### Task
Reproduce, exactly and only, the lines of the data that follows from the one containing "Techsuit Displayschutzfolie 2er" down to the one containing "Old West Youth", without pictures.

### Material to process
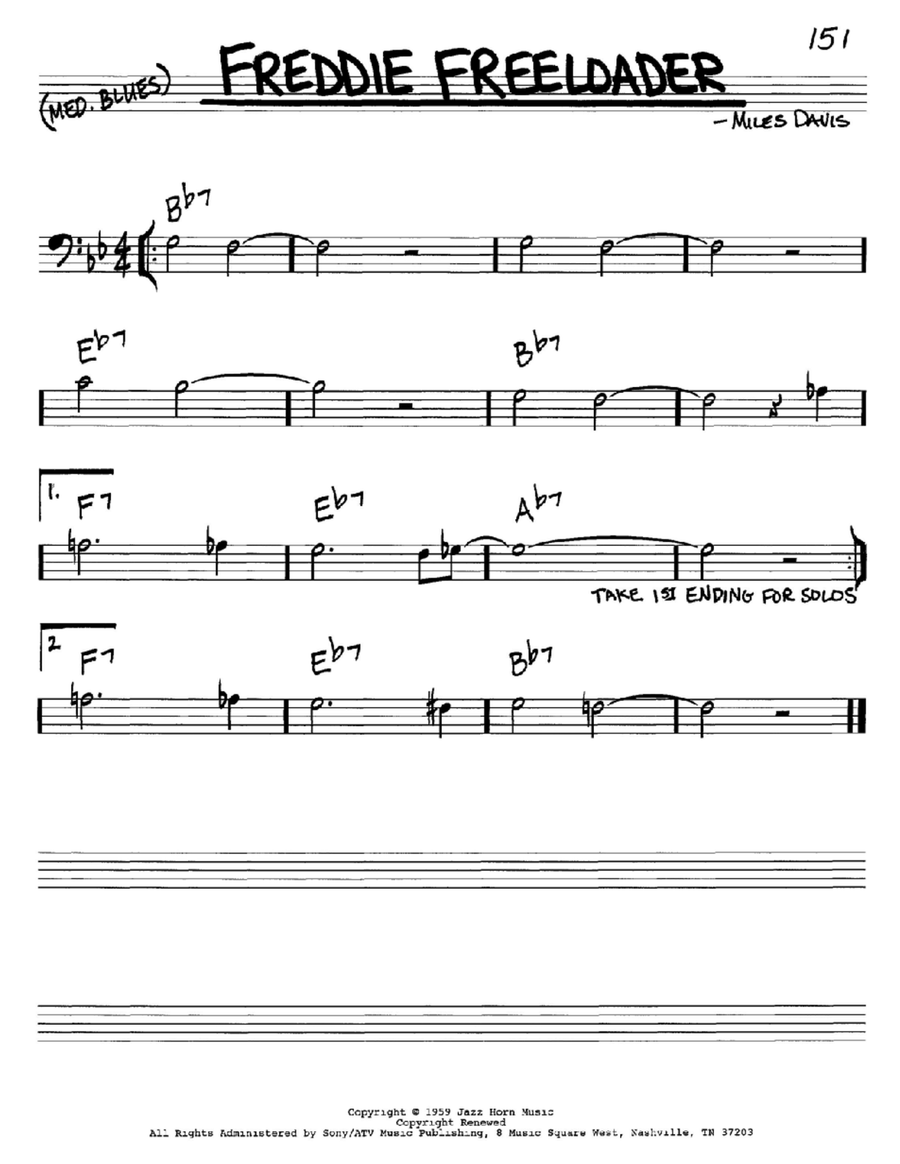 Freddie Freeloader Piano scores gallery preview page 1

==

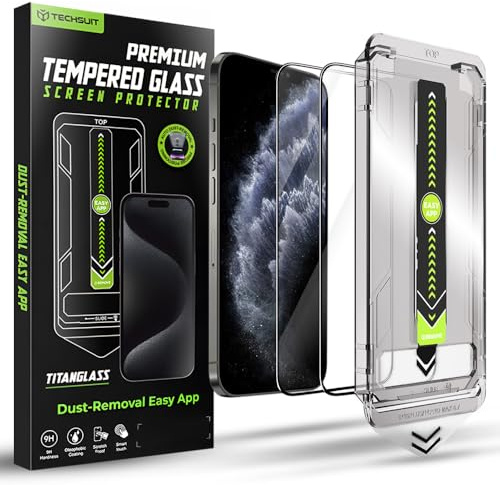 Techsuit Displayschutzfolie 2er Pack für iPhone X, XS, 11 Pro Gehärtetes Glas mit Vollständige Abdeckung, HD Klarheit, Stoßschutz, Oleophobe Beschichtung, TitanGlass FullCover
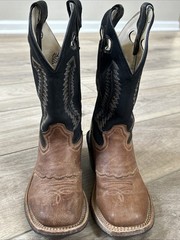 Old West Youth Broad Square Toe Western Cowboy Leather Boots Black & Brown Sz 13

==

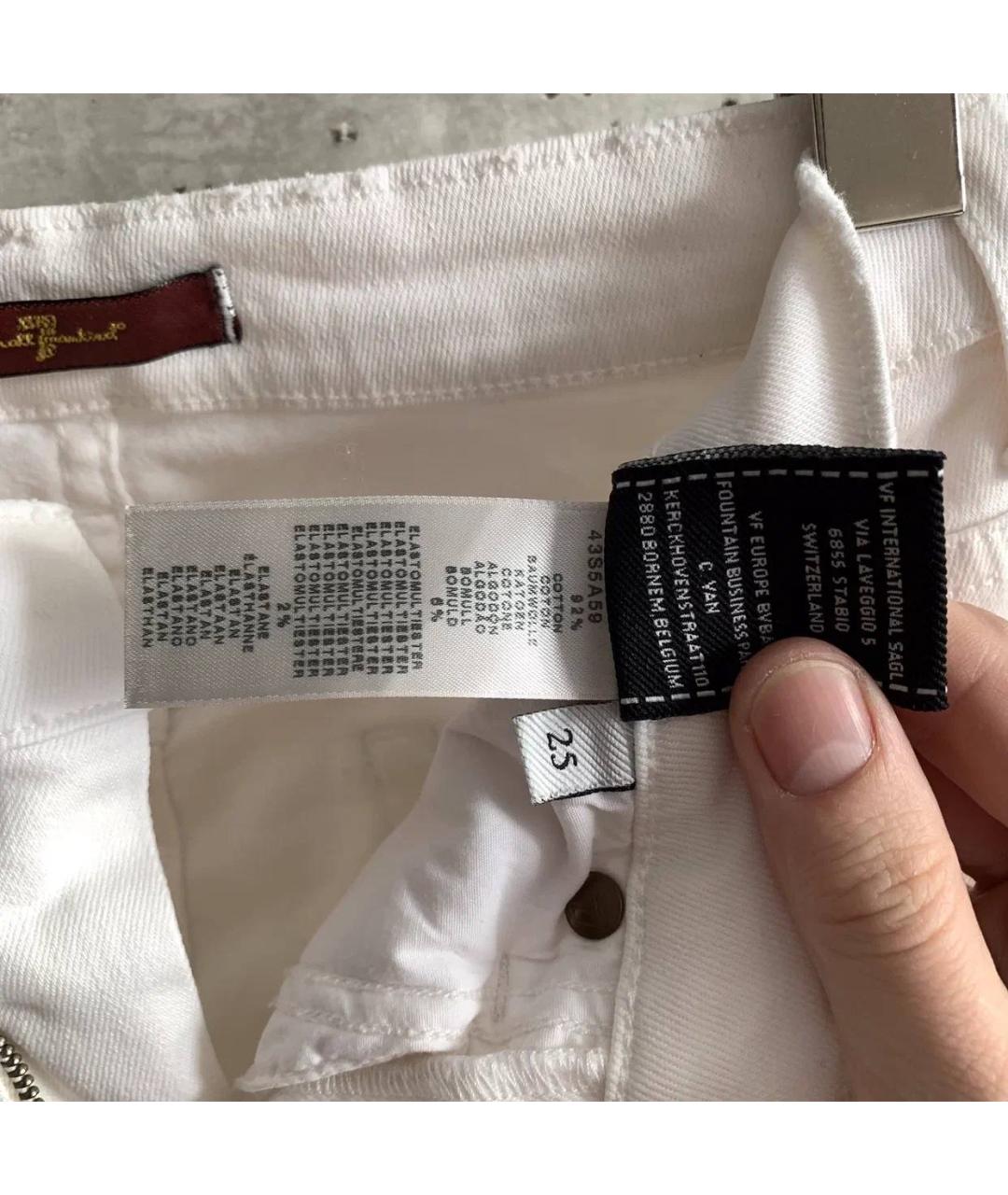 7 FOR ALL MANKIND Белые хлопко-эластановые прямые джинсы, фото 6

### Solved problem
 Techsuit Displayschutzfolie 2er Pack für iPhone X, XS, 11 Pro Gehärtetes Glas mit Vollständige Abdeckung, HD Klarheit, Stoßschutz, Oleophobe Beschichtung, TitanGlass FullCover
 Old West Youth Broad Square Toe Western Cowboy Leather Boots Black & Brown Sz 13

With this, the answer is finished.